Temporal Memory Performance/Scaling Tricks

I’ve seen the performance and memory size questions popping up a few times.

One main cause is the TM footprint can grow quite a lot by multiplying column cell area x height x segments/cell x synapses per segment. (and x 8bytes per synapse which is discussed elsewhere)

Since every synapse needs to be checked for upstream activations, it means all memory is fed into CPU every timestep. That alone puts a very serious constraint on speed regardless on what computing optimisations are made. An 4GByte space can not be processed (read in to check for updates elsewhere) much faster than ~10 times/second.

While in neurons we can assume a time step at least an order of magnitude faster.


One trivial “solution” for scaling on e.g. 10 computers is to simply instantiate one TM memory on each one, all receiving the same input SDRs and summing their column predictions/activations in order to compute “global” output state.
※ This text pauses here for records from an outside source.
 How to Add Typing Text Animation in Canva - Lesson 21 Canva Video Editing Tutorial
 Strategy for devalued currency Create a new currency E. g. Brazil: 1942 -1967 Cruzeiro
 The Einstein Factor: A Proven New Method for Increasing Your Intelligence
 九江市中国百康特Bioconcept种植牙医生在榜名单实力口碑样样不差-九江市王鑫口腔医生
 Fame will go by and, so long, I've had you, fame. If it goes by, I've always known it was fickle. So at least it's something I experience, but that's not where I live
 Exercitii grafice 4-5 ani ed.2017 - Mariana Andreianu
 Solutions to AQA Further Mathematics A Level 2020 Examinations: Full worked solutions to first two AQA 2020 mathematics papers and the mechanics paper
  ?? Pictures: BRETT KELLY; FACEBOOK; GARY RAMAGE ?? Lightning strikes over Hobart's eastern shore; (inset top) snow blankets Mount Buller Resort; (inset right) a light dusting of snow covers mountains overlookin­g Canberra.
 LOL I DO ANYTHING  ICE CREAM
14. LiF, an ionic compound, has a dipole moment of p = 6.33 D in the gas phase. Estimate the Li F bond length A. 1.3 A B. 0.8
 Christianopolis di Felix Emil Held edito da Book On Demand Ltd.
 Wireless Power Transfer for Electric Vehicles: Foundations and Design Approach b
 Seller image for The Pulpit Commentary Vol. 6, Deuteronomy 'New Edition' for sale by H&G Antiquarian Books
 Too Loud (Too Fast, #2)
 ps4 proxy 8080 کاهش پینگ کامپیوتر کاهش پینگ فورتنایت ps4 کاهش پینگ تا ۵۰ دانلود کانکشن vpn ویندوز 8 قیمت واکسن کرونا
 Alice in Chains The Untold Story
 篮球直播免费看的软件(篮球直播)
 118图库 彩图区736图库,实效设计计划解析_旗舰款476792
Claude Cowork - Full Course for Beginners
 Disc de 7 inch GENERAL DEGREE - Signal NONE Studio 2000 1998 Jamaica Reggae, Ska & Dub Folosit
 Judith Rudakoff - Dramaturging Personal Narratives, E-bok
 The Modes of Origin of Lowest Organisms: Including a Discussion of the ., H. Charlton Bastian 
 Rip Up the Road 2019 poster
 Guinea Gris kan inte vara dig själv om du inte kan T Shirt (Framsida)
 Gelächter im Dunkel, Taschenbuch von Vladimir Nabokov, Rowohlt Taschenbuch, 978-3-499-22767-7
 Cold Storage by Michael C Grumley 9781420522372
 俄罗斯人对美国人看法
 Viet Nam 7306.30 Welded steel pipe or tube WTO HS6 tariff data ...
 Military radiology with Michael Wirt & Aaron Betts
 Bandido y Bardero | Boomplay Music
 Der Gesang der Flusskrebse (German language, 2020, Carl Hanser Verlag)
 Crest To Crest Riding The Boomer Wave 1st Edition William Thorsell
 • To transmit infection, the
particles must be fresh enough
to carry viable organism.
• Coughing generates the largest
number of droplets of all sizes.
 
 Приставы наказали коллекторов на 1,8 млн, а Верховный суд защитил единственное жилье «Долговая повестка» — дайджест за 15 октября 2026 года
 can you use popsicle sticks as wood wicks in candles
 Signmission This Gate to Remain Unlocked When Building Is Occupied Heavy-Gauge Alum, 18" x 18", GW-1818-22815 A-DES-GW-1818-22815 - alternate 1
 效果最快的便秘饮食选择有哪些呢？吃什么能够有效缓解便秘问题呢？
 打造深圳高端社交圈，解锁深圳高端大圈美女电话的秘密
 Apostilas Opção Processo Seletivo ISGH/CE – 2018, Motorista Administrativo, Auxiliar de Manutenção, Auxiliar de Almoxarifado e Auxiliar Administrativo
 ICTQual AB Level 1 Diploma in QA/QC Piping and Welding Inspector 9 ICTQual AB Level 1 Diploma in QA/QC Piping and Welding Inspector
While it could allow for spotting different pattern correlations on different machines (which is useful) it would also make them all converge into same … most obvious patterns that are easy to recognize. Which is bad because they become redundant in a great proportion which sabotages our scaling idea.


The trick I want to propose is supposed avoid redundancy by forcing each column in any instance of the temporary memory to make connections only with (cells from) a small subset of different other columns

Here-s an example
2000 columns
each column sees only input from a random subset of 400 other columns.

On every other machine the same column will “read” a different subset of presynaptic columns so:

  • synaptic overlaps between any two machines are 5 times less likely (400/2000)
  • overall, across the 10 machines any column has a “full perception field” since 400 x 10 is significantly larger than 2000.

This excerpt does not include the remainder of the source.